“Fine. Getting into the car now,” I tell her, handing over my luggage to the driver.
“Good. Just wanted to make sure you were okay. I guess I’ll see you tomorrow then.”
“Tomorrow,” I confirm with her. “Drive safe.”
“Love you dad,” she says, and hangs up.
Renee. What the hell am I going to do with her? She’s switched to a new major every year, and now that she’s got her grandfather’s trust fund in her pocket, I don’t see a graduation in sight. It’s our fault really. My ex-wife and I had an acrimonious divorce, and by the end we couldn’t even be in the same room together. It was a case of marrying too early. I met her at Yale, in Economics 101. A year later, against the warnings from my parents, we married, and had Renee. Everything fell apart before graduation. She hightailed it back to her family in California, and Renee spent the next few years of her life shunted back and forth across the country before heading off to a succession of boarding schools, none able to hold her down.

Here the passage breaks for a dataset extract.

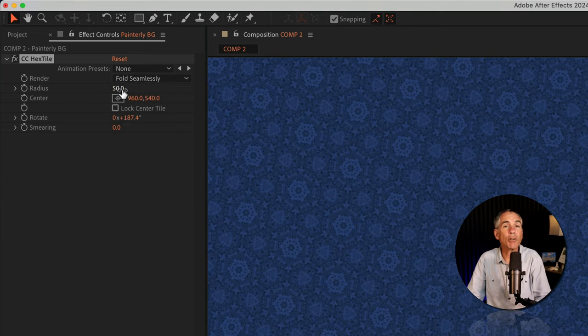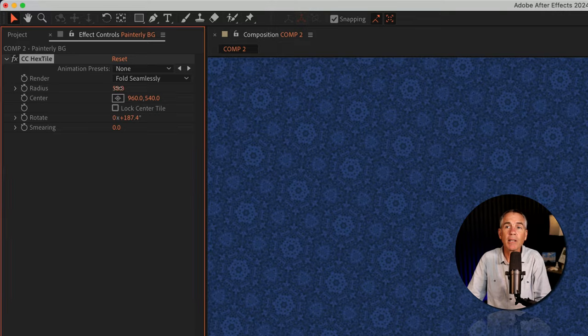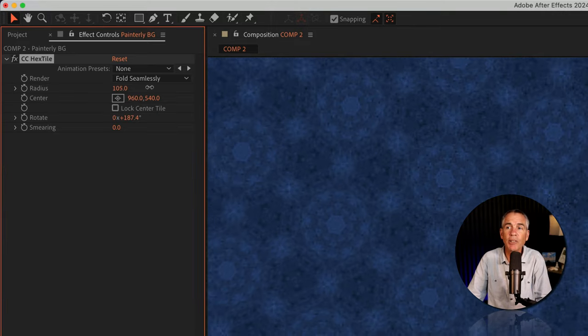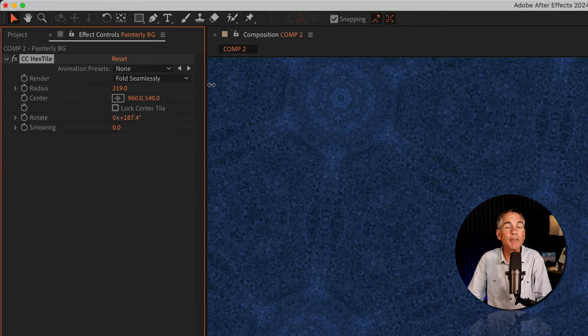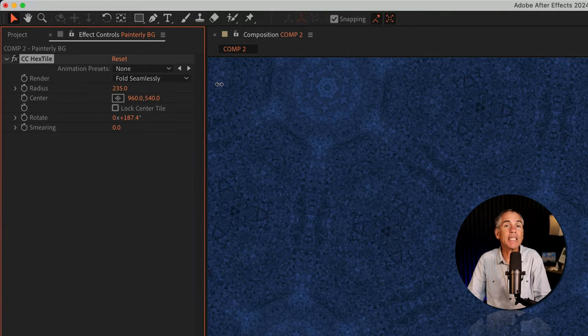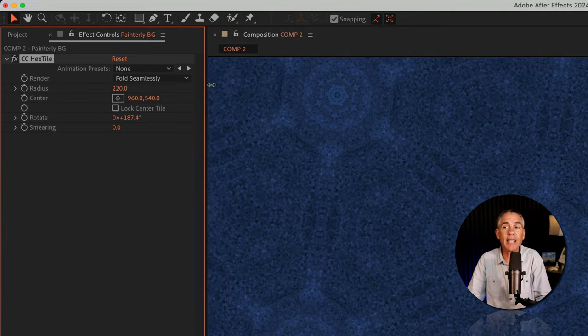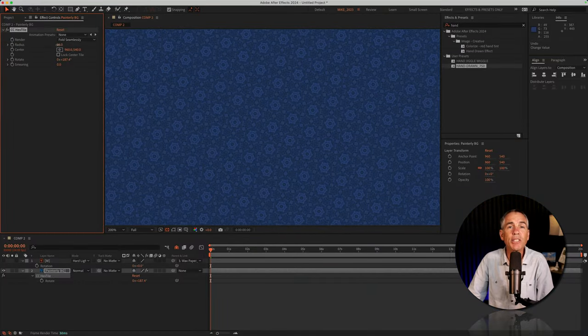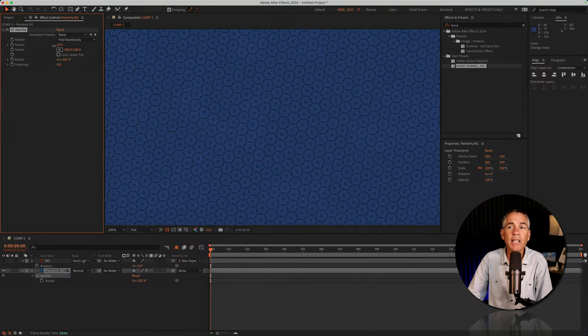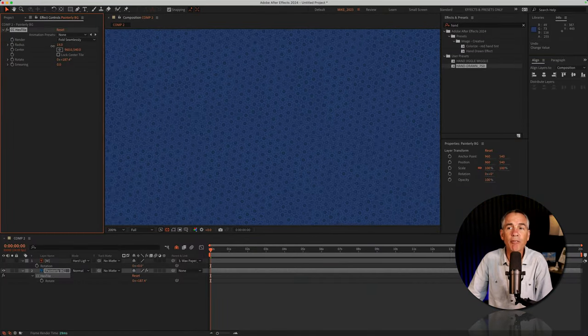We can change the radius of the pattern. So if I increase it, you'll see this looks very similar to the CC Collider effect, or I could decrease the radius to get a much smaller effect, which also makes a pretty cool pattern.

It was during these years that I was working hard to rebuild the family fortune. We had incredible growth, and I was needed more and more. I ended up spoiling her to ease my guilt, and combined with the Lowell stubbornness, Renee is hell bent on doing things her way, by which she means nothing at all. Her mother’s exasperated beyond belief, but I’m not quite ready to give up on my daughter. Sure she’s had plenty of time to try and figure things out, and yeah, the money makes it way easier to put it off, but she’s got a good heart, and lots of confidence. One day she’ll figure it out, and when she does, she’s going to make a very big mark.
To be honest, she reminds me a lot of myself when I was younger. I dicked around too, sleeping around, drinking, partying, squandering my money until my dad cut me off, packed me off to Yale. It was a shock for sure, but I came out better for it. It gave me the discipline to found my own private equity firm with my best friend and roommate. I’m coming back from opening our third office in China. Hm, maybe that’s why dad did the same thing with Renee too, I muse as we pull away from the curb and back to the penthouse.
It’s a short drive back home, but I can’t relax and enjoy it. My phone’s pinging continuously and I’ve got a meeting tonight with a new company that’s revolutionizing how we record videos with our phones by letting users add masks, filters, and extra’s like glasses or hats or whatever they could want onto their video. It does nothing for me personally, but when I told Renee, she explained that it would be a hit and to snap it up. So tonight I’m going to meet the whiz kid who’s made this a reality. Hopefully it’ll be the first in a long string of technologies out of this kid. It’s not our thing to bring on individuals, but investments are investments whatever the form they take.
We’re heading to Atlantica, one of the premier nightclubs in New York. Normally I’d have a business dinner at Foglia, but the guy’s twenty-two and a geek, so he’s probably held dreams of drinking thousand dollar champagne and meeting hot women in his mother’s basement for years now. Whatever it takes to secure the client, I think as I call up the limo, yet another request of his, and head around to pick up the client. I never understood the appeal of music too loud that you can’t hear yourself think and fumbling around in strobe lights, but maybe that’s just my age.
Mike is standing outside the hotel we’ve put him up in, wearing a short sleeve button up over a blue t-shirt and chinos and chucks. He’s tapping his toes, looking each way, and when he spots my car, he waves eagerly. We pull up and he opens the door and slides in before the driver can get around to his side.
“Hey Nathan, right?” he says, eagerly pumping my hand. I try not to wince. I dislike the name Nathan. “Tonight’s going to be awesome.”
“Absolutely,” I tell him.
“I hope it’s okay that I invited a few friends along,” he says. “But I figure the more the merrier right?”
“Of course,” I tell him. Whatever the client wants.
The car takes us to the front of the hotel where the club is supposed to be. There’s already a long line of people, and Mike eagerly heads out of the car to meet up with his friends. They look about as cool as he is, and at least two of them look borderline underage. We get waved through quickly, and head straight for the elevators. The doors are starting to close when I catch sight of a beautiful woman in gold, hair soft as a halo around her, the metallic dress showing off her fantastic body. My eyes connect with hers- they’re a brilliant, piercing blue that draws me in- and then the elevator snaps shut. I barely hear what Mike and his friends are saying, I’m so stunned by her.